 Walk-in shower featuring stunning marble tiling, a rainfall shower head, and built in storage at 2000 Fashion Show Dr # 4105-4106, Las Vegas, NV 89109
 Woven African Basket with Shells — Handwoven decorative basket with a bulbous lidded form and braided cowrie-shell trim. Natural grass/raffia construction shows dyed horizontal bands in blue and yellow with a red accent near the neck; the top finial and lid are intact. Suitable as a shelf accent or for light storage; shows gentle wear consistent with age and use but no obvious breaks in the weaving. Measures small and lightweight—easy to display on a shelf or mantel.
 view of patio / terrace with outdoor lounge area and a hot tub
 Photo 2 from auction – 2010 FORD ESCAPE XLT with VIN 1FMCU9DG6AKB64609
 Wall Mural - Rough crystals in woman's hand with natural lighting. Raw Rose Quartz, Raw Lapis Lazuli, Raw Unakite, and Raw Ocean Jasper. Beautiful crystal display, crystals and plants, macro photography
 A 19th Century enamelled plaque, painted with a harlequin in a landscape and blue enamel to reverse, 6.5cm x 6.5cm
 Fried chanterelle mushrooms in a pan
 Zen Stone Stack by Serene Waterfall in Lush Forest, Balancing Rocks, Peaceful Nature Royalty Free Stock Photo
========================
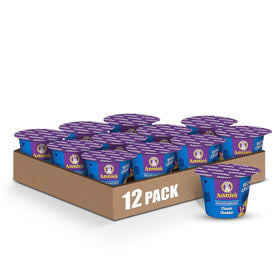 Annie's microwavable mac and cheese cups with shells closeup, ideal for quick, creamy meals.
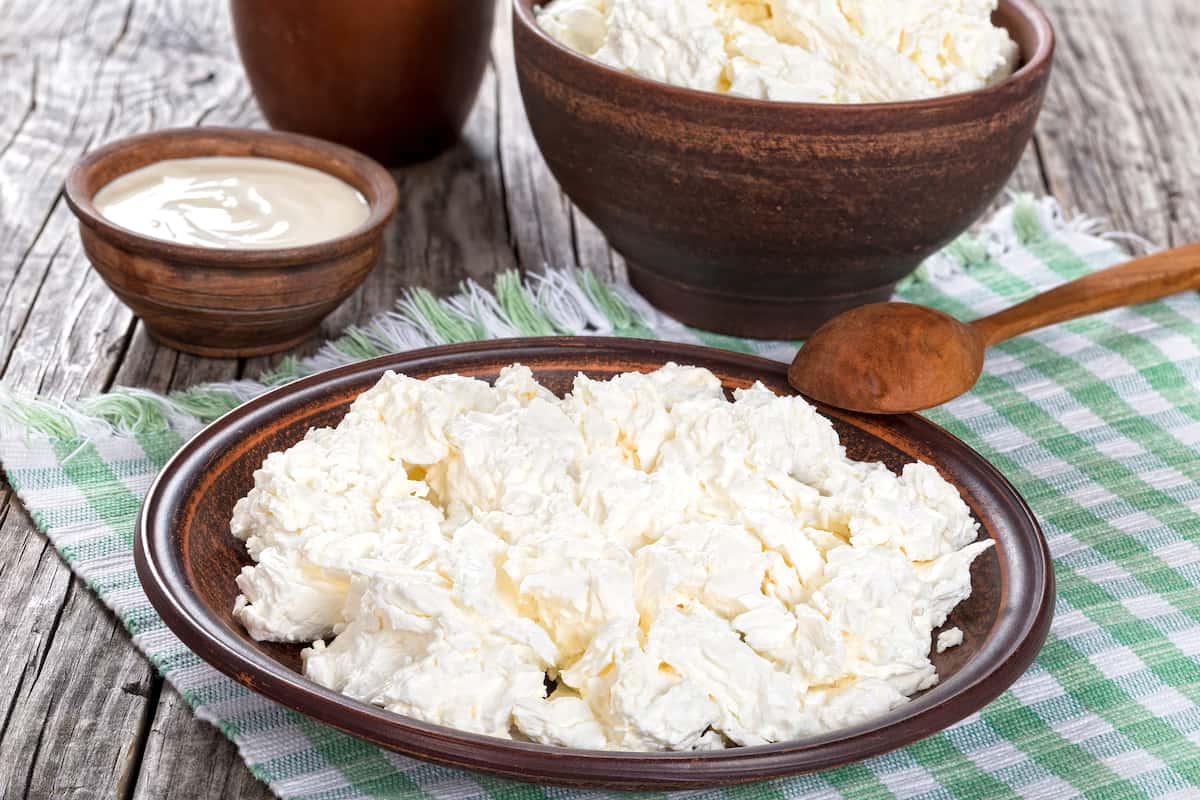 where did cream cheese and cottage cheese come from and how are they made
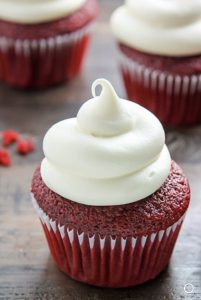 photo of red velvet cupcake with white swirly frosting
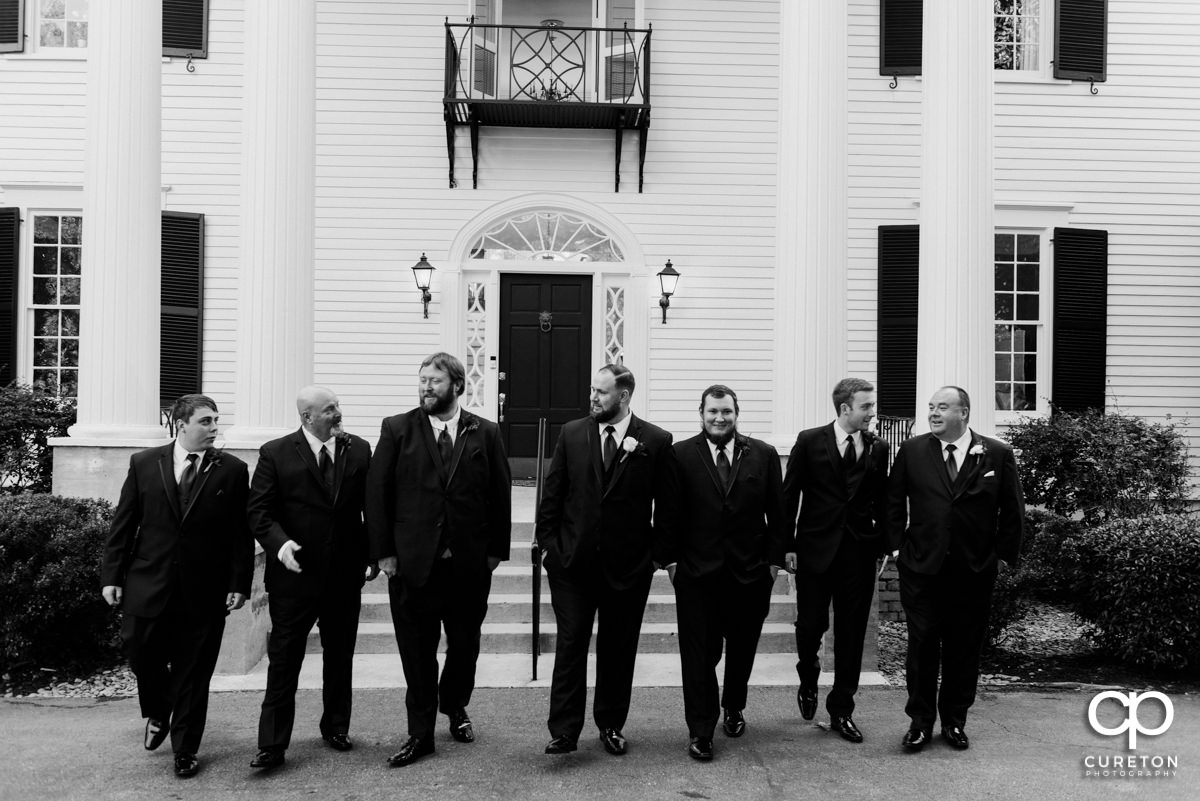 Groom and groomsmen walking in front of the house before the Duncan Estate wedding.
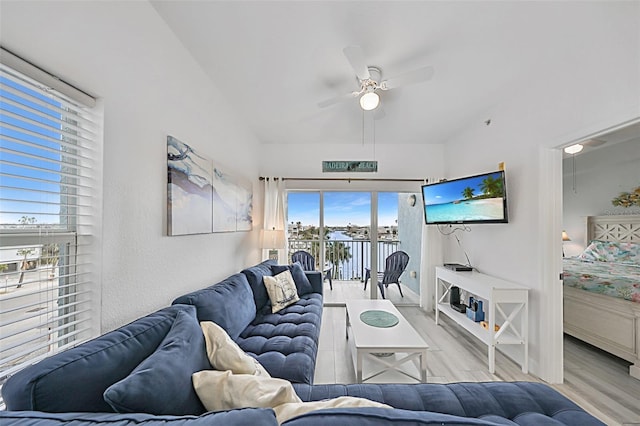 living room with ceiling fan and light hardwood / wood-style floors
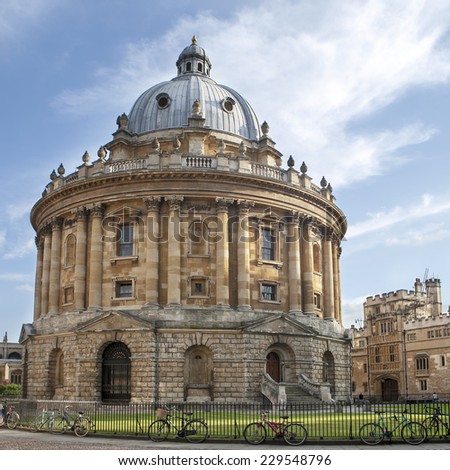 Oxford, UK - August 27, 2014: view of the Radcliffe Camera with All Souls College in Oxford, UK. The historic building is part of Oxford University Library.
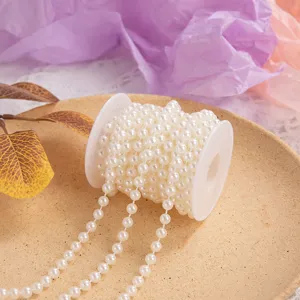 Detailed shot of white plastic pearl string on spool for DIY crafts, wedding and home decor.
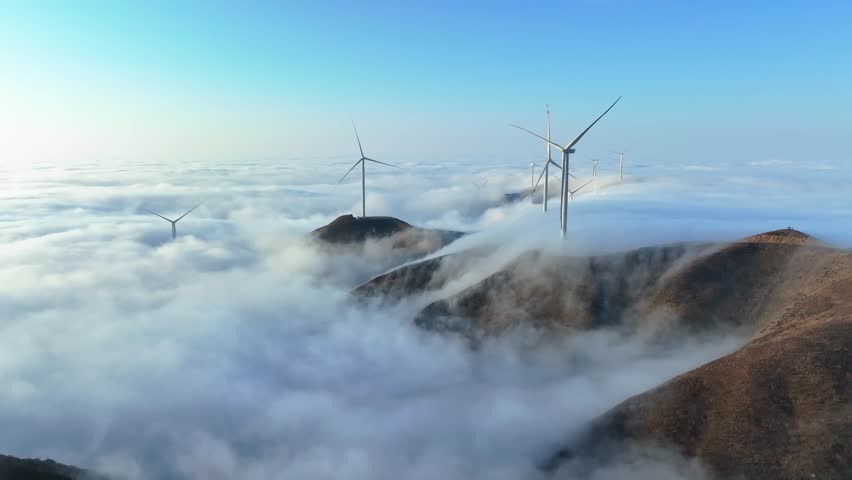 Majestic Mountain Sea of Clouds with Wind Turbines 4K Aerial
========================
Going back to the data above, write out everything from the line with "living room with" down to the line with "Majestic Mountain Sea", both included, leaving every picture out.

Result for this exercise —
 living room with ceiling fan and light hardwood / wood-style floors
 Oxford, UK - August 27, 2014: view of the Radcliffe Camera with All Souls College in Oxford, UK. The historic building is part of Oxford University Library.
 Detailed shot of white plastic pearl string on spool for DIY crafts, wedding and home decor.
 Majestic Mountain Sea of Clouds with Wind Turbines 4K Aerial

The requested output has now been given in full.